Records provided:
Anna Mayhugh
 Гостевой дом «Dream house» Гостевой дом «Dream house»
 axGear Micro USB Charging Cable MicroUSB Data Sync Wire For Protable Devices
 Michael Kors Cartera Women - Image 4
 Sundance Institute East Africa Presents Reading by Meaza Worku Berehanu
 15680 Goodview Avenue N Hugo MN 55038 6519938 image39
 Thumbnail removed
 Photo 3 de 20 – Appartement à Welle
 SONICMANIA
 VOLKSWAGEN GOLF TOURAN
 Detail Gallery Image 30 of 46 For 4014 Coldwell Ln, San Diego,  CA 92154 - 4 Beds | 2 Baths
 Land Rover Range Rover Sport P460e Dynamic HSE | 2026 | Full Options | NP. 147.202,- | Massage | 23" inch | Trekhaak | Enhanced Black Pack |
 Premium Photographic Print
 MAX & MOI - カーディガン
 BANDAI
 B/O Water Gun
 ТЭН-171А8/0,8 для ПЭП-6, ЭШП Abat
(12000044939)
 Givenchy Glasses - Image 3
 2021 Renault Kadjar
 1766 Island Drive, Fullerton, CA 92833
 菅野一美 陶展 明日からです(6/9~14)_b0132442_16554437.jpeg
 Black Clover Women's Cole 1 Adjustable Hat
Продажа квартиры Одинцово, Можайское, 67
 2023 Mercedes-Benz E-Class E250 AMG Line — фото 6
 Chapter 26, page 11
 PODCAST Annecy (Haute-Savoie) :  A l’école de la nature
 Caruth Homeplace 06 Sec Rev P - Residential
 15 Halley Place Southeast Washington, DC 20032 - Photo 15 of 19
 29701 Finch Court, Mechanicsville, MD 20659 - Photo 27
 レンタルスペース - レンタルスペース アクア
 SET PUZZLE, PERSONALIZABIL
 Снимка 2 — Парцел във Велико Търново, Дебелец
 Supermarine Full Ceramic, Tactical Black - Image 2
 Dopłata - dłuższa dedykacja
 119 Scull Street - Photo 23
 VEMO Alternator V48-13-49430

Task: The lines to extract from the data above begin with the line containing "15680 Goodview Avenue" and end with the line containing "2021 Renault Kadjar". Extract them exactly, including both.

Answer:
 15680 Goodview Avenue N Hugo MN 55038 6519938 image39
 Thumbnail removed
 Photo 3 de 20 – Appartement à Welle
 SONICMANIA
 VOLKSWAGEN GOLF TOURAN
 Detail Gallery Image 30 of 46 For 4014 Coldwell Ln, San Diego,  CA 92154 - 4 Beds | 2 Baths
 Land Rover Range Rover Sport P460e Dynamic HSE | 2026 | Full Options | NP. 147.202,- | Massage | 23" inch | Trekhaak | Enhanced Black Pack |
 Premium Photographic Print
 MAX & MOI - カーディガン
 BANDAI
 B/O Water Gun
 ТЭН-171А8/0,8 для ПЭП-6, ЭШП Abat
(12000044939)
 Givenchy Glasses - Image 3
 2021 Renault Kadjar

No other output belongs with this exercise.